Some files, though, such as MCMC results or intermediate data processing results, are not meant to be under version control. For these file, you an use scp
. Within your GitBash or Terminal window on your local machine (you probably have to open yet another), you can copy files as follows.
scp -i "~/key_pairs/bebi103_aws_keypair.pem" ec2-user@<IPv4 Public IP>:~/my_file.csv ./
This command will copy files from your EC2 instance to your present working directory. Simply put the full path to the file you want to transfer after the colon above (remember ~/
means "home directory"). The second argument of scp
is where you want to copy the file.
Similarly, you can upload files to your EC2 instance as follows (in this example to the home directory in your instance).
scp -i "~/key_pairs/bebi103_aws_keypair.pem" my_file.txt ec2-user@<IPv4 Public IP>:~/
When you are finished with your session, you can shut down your notebook in the browser. Then, in the terminal window, you can shut down JupyterLab by pressing Ctrl-c
. After Jupyter is terminated, you should detach your screen by doing screen -d
. Finally, you should quit your screen by doing screen -X quit
.
In the past, I have had students have their instances littered with detached screens. You should clean house from time to time and run screen -X quit
.
After you are finished with your work on your instance, you should stop your instance. To do this, go back to the Instances
page on your EC2 console. Right click your instance, and navigate to Instance State
→ Stop
. Do not terminate your instance unless you really want to. Terminating an instance will get rid of any changes you made to it.
If your instance is not stopped and you leave it running, you will get charged. You can rack up a massive bill with idle, but running, instances. You should stop your instances whenever you are not using them. It is a minor pain to wait for them to spin up again, but forgetting about a running instance will cause more pain than that to your pocketbook.
AFter the class is over, you might want to terminate your instance. This is because the storage in your instance (stored using AWS's EBS, which is what keeps your repository, installations, etc., all in tact) is not free. Once your free tier accessibility expires in a year if you are new to AWS, and/or your promo codes expire, you will start getting bills for your EBS usage. These get wiped if you terminate your instance and you will not get billed.

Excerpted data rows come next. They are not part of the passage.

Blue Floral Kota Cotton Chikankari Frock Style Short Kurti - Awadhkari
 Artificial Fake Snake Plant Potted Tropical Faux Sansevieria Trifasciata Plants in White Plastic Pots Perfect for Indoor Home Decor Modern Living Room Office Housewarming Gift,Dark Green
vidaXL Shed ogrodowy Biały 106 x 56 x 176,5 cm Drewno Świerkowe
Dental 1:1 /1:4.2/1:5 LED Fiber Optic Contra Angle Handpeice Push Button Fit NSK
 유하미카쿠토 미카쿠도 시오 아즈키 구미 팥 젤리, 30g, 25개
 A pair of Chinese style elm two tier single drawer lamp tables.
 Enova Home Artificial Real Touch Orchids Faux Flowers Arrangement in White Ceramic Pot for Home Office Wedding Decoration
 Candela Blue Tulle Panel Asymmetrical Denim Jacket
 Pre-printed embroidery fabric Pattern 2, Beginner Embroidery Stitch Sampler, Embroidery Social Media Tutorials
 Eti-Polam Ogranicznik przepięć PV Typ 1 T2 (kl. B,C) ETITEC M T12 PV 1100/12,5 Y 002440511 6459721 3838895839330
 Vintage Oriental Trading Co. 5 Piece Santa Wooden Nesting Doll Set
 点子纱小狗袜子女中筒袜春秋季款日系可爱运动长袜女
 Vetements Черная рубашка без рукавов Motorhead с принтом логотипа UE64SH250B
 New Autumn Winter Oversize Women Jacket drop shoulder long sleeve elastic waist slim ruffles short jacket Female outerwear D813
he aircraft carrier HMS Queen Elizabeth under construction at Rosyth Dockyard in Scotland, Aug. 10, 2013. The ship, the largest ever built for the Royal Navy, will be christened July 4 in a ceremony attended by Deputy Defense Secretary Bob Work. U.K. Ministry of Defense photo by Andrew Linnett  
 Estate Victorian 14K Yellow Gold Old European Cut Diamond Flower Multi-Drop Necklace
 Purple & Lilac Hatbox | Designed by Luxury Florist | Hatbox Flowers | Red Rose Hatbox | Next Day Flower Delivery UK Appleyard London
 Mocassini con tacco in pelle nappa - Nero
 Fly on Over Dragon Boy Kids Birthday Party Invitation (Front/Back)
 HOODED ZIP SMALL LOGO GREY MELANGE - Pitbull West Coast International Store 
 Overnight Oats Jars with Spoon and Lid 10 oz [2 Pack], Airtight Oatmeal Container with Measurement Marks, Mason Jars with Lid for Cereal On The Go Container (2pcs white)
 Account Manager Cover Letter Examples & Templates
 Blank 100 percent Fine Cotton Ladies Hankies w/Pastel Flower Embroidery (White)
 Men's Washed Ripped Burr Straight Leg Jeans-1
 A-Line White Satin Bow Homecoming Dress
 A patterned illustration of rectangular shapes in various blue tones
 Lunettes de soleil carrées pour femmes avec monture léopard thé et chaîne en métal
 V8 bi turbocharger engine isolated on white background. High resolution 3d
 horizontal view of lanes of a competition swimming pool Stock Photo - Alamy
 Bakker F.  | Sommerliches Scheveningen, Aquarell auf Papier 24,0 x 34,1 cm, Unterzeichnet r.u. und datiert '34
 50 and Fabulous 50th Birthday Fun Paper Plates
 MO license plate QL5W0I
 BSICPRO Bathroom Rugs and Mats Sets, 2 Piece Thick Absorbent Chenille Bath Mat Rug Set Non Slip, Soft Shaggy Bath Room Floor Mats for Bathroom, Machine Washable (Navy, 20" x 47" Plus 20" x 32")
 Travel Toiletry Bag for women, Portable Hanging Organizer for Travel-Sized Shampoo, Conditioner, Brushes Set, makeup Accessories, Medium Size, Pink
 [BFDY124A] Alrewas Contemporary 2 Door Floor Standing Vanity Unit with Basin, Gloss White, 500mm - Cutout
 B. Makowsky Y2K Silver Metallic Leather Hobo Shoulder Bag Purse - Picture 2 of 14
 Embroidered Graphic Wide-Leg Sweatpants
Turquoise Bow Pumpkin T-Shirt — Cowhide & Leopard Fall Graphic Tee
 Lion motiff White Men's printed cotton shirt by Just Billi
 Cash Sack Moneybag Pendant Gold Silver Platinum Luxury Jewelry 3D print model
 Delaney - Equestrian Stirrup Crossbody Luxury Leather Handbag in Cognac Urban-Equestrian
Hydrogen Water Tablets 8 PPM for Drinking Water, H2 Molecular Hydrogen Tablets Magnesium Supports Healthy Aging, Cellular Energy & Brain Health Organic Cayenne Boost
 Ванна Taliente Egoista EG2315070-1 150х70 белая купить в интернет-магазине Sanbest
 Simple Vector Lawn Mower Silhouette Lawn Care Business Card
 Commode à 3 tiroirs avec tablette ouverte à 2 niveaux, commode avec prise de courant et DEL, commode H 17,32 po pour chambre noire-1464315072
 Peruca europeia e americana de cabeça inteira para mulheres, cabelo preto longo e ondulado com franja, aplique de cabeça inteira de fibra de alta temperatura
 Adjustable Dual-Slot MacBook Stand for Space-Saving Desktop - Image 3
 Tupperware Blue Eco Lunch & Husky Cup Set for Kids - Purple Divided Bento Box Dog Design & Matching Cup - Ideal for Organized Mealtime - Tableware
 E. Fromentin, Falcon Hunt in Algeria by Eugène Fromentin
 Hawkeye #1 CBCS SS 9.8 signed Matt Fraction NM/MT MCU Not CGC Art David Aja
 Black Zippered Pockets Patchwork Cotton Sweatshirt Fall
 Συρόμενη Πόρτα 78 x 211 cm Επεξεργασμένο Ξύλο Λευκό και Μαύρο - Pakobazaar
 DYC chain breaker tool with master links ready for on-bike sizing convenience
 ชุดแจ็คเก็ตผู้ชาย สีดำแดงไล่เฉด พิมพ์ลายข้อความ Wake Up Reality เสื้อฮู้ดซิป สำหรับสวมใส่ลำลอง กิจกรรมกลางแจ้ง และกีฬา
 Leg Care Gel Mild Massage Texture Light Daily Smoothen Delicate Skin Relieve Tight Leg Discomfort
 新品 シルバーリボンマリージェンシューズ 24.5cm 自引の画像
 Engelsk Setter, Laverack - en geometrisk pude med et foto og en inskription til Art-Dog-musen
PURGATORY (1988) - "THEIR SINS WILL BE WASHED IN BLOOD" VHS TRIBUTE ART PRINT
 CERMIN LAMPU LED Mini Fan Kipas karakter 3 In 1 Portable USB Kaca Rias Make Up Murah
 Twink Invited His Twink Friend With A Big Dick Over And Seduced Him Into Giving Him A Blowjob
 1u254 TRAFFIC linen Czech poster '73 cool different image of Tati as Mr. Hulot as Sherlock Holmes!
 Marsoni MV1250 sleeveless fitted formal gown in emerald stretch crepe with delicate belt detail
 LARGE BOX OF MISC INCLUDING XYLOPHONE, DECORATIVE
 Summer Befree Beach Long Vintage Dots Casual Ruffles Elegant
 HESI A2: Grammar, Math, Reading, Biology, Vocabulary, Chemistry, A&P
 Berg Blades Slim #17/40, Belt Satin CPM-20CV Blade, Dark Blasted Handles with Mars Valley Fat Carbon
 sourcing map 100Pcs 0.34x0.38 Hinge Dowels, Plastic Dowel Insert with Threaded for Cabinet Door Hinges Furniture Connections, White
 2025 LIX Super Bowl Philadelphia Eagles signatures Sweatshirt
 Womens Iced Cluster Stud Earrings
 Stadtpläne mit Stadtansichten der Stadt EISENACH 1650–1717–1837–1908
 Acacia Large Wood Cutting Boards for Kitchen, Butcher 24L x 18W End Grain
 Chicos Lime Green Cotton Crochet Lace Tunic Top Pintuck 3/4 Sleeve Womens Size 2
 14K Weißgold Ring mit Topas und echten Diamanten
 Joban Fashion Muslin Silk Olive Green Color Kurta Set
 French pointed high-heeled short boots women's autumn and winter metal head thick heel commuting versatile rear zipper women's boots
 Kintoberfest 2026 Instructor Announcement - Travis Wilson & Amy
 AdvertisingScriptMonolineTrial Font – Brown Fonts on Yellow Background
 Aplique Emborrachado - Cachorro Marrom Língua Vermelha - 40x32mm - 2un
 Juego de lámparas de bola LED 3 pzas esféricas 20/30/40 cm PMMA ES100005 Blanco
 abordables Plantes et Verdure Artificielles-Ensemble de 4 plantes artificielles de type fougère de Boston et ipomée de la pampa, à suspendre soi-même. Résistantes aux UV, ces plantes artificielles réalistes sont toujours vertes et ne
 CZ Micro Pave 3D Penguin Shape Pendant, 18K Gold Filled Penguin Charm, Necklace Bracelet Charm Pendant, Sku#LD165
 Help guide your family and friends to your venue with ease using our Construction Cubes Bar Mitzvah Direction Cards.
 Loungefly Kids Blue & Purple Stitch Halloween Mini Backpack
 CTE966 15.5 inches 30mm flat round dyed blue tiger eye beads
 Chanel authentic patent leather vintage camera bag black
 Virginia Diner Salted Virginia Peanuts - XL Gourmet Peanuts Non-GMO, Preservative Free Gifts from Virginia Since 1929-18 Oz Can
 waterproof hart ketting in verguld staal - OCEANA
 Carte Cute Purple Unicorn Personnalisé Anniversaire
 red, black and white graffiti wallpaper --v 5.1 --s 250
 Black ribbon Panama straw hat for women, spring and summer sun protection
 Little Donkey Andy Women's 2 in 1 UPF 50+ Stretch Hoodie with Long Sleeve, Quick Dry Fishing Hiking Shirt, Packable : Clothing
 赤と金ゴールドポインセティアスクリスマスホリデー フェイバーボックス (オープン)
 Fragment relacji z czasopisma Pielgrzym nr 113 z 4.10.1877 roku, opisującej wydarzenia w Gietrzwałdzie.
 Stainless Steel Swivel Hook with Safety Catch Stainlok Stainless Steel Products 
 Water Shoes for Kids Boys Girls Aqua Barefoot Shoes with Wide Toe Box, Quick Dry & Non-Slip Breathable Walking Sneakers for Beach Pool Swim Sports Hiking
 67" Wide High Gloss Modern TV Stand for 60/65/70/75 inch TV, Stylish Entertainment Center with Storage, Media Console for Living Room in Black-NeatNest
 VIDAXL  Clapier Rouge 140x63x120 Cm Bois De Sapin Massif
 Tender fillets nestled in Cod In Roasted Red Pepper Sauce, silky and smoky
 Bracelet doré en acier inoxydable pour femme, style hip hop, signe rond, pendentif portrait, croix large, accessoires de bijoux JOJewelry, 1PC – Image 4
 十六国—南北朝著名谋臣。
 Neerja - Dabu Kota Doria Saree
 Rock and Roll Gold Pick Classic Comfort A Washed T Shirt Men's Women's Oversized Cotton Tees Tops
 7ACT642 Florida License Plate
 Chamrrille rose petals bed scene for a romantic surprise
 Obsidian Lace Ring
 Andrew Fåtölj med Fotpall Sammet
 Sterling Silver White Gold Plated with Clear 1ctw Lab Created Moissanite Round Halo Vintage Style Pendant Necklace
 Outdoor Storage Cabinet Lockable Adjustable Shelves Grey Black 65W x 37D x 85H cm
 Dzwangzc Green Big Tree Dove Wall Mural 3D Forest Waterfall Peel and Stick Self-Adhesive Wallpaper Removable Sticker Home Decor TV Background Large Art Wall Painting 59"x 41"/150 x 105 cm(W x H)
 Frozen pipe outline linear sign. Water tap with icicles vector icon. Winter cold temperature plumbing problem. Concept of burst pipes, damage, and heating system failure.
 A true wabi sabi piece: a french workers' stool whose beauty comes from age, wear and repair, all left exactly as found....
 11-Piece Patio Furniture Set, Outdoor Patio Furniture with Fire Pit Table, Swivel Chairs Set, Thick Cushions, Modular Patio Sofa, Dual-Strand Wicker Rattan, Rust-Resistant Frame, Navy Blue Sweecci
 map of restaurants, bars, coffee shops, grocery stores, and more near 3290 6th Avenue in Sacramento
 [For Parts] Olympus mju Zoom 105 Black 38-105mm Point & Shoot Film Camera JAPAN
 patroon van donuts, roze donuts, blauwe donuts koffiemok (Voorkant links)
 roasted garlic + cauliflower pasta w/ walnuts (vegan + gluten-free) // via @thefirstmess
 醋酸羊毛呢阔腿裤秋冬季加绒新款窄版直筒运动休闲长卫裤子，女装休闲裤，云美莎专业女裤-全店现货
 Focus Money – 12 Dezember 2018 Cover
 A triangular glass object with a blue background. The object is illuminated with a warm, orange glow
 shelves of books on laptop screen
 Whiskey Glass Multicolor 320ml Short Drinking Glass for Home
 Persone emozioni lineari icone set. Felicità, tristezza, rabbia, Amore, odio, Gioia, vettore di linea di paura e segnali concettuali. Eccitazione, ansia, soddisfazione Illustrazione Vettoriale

We will distribute promo codes graciously donated by Amazon for you to use resources beyond the free tier. One member of your group will get the promo code, but all members should be able to use the AWS resource. To enable this feature, the owner of your promo code needs to set up identity and access management (IAM). To set this up, perform the following steps.
Services
pulldown menu at the upper left of the screen. Under Security, Identity & Compliance
click IAM
.Groups
.Create New Group
button, and give the group a name on the next screen. Something like "BE/Bi 103 2018 Team 6" will suffice. Once you have done that, click the Next Step
button on the lower right of the screen.Attach Policies
page, select AmazonEC2FullAccess
. Then click the Next Step
button.Create Group
button, and the group is created.Users
on the left IAM dashboard.Add User
button.AWS Management Console access
button.Console password
, either choose you own strong password or use the autogenerated password. This will only be generated once, so write it down to share with your teammates. Obviously, do not email the password.Require password reset
box checked or not, depending on your preference. Then click the Next: Permssions
button.Next: Review
.Create users
.Download CSV
, you get a CSV
file with the links and passwords. If you click Send email
, you can send an email to your teammates that has the instructions for login. The password will not be sent. They simply need to follow these instructions and use the password you give them to run instances on your account, which gives them access to the promo code.After the term is over, you should delete the extra users, which you can do from the IAM Users
page.
Serving up interactive Bokeh plots with AWS is a but more involved than doing it on your local machine. You still get the native interaction, like zooming and tooltips, but if you want to have interactions that require Python code running behind it, you will not be able to do that as configured here. Specifically, you will not be able to use the bebi103.viz.record_clicks()
and bebi103.viz.draw_rois()
functions. As a workaround, you can use the bebi103.viz.imshow()
function with the display_clicks=True
kwarg. With this activated, whenever you click on the plot of the image, the location of the click will appear right next to the plot. You can then copy and paste these clicks to make a Numpy array.
Perhaps a better way to do this, though, is to use bebi103.viz.draw_rois()
on your local machine, write the result out as a CSV file, and the scp
it to your instance and load it from there.
You should now have the power to use AWS for your computing. If you are curious, to build the AMI, I ran the steps below on the command line of my instance when I first SSH'd into it.
sudo yum -y update;
sudo yum -y install git;
git clone https://github.com/justinbois/bebi103_ami_setup.git;
bash ~/bebi103_ami_setup/setup_ami.sh;
rm -rf bebi103_ami_setup;
rm -f miniconda.sh;